Flower Trail: April into July 2003

by Claire Leith

Flowers, wild ones mostly, are one of the loves of my life.  A flower is so exquisite, it makes a great tenderness surge up, and humbleness, too:  so fleeting a beauty, so sweet the reward to just gaze or gently touch a petal, and such feelings have an added intensity because so many of our little flowers are becoming scarce or have been eliminated.

Everywhere I go I keep a look out for the most humble weeds once common, the weeds of the ploughlands, scarlet pimpernel, groundsel, shepherds purse, shepherds needle, cudweed.  When I go back to the old Quinta da Parrela, Portugal, I can still enjoy many in spite of goats and a flock of brown sheep and no pesticides:  mulleins, larkspur, wild carrot, spurges, a great variety of thistles, a single-flowered toadflax, various daisies, beautiful types of grasses nodding in the sun, and seed pods.

As I was away for so long travelling the spring and summer flowers kept changing.  I missed the bluebells in Cornwall but found them later in North Wales.  In Widrington, Northumberland, I found a little wood with windflowers and wood sorrel (this place is now threatened with demolition by open-cast mining, a very cruel method by which our countryside is torn apart).  Here too, down a once ‘unadopted’ lane I found a beautiful patch of butter burr:  this is an odd flower which later sports great leaves, once collected to wrap the butter in.  Here houses are about to be built, so I wondered if these flowers would survive the bulldozers etc, and if they did, then be rooted out by our ‘tidy’ gardeners in the new estate.

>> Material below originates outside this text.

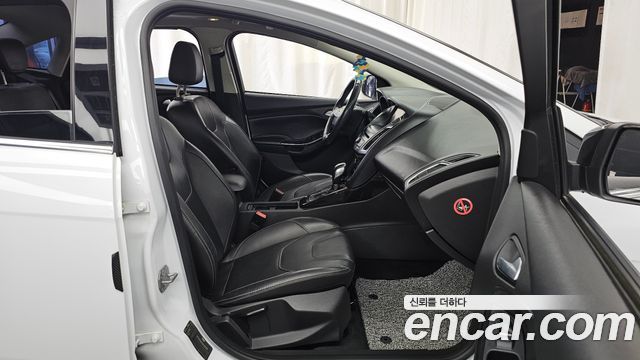 Ford Focus 2016 — photo 11
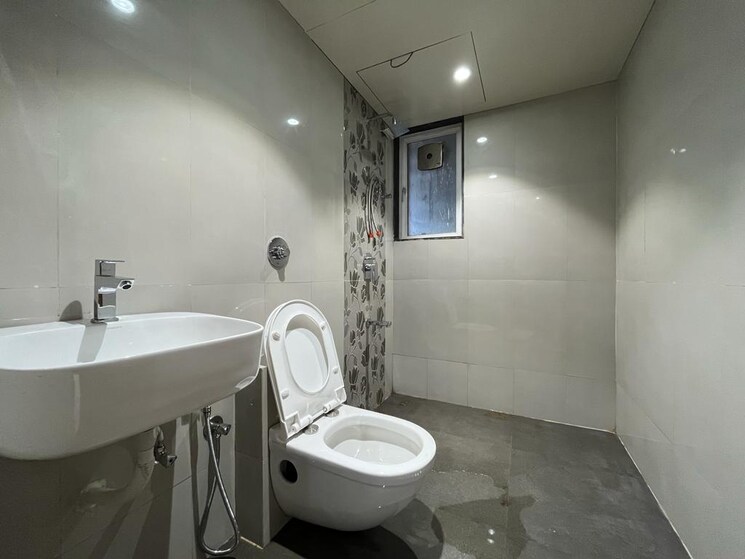 Bathroom, nav-swa-gharkul-chs 3 Bedroom 1325 Sq.Ft. Apartment In Santacruz East Mumbai 5044628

Round Edinburgh I found the three-cornered leek (refers to its three-sided stem), this one different from our one, its flower heads daintier.  And on the Braid Hills we found a blaze of gorse, which in the West Country would be past its prime now.  In the Botanical Gardens we found the sweet cicely, which my grand daughter uses in salads.  I first met the northern cow parsley in huge abundance beside the River Tay, in Perth City.

One of the wild flowers I miss very much is the common sorrel (when sort of half hay and half cornfield flowers are planted as features in gardens today this feathery head is always missing).  Under the pines in my son’s garden in Suffolk the sheepsbit sorrel flourishes in little hazy patches of greeny-pink.  Still, it has not the juicy stem of its bigger relation, so delicious to chew on a hot day.

Travelling south again I found the May blossom in full reign in England and Wales and the chestnuts too, a specially fine pink May remembered near Bodnant.  On the Orme, I only managed a brief wander on the limestone slabs and had pleasure finding two squills (Cape Cornwall is where I first ‘met’ this enchanting small flower).  Here were rock roses and a colony of cowslips bravely flowering in a small patch of turf surrounded by gorse bushes.

From the train to Birmingham I still enjoyed the May bushes, and to Essex and Suffolk will go my final remembering, the beautiful wild roses (not a flower common in Cornwall) in the hedges and along by the Deben.